━━━━━ RECORDS FOR THIS EXERCISE ━━━━━

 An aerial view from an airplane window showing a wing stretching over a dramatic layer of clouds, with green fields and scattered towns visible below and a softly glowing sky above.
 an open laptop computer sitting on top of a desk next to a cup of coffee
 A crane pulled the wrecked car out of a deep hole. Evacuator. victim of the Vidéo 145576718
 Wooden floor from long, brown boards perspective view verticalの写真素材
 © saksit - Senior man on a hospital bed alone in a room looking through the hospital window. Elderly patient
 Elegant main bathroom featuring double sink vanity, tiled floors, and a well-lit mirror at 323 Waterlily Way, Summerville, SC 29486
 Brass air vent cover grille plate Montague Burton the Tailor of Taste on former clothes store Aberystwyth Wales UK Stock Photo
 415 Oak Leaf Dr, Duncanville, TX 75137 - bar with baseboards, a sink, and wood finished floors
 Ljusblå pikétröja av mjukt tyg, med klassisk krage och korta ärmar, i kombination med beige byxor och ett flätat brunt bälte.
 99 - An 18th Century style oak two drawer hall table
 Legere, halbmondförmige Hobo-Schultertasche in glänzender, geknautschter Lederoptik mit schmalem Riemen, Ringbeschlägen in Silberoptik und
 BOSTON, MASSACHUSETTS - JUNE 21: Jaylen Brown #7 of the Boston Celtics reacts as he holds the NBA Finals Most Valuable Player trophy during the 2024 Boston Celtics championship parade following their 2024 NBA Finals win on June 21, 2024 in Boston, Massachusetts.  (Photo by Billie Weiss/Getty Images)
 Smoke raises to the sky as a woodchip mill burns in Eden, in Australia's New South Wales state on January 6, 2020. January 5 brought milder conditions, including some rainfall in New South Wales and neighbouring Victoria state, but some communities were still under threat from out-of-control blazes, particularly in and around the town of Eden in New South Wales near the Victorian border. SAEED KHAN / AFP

━━━━━

TASK GOAL: Could you restate, word for word, the lines above from the one with "an open laptop" to the one with "Legere, halbmondförmige Hobo-Schultertasche", both included?

TASK SOLUTION:
 an open laptop computer sitting on top of a desk next to a cup of coffee
 A crane pulled the wrecked car out of a deep hole. Evacuator. victim of the Vidéo 145576718
 Wooden floor from long, brown boards perspective view verticalの写真素材
 © saksit - Senior man on a hospital bed alone in a room looking through the hospital window. Elderly patient
 Elegant main bathroom featuring double sink vanity, tiled floors, and a well-lit mirror at 323 Waterlily Way, Summerville, SC 29486
 Brass air vent cover grille plate Montague Burton the Tailor of Taste on former clothes store Aberystwyth Wales UK Stock Photo
 415 Oak Leaf Dr, Duncanville, TX 75137 - bar with baseboards, a sink, and wood finished floors
 Ljusblå pikétröja av mjukt tyg, med klassisk krage och korta ärmar, i kombination med beige byxor och ett flätat brunt bälte.
 99 - An 18th Century style oak two drawer hall table
 Legere, halbmondförmige Hobo-Schultertasche in glänzender, geknautschter Lederoptik mit schmalem Riemen, Ringbeschlägen in Silberoptik und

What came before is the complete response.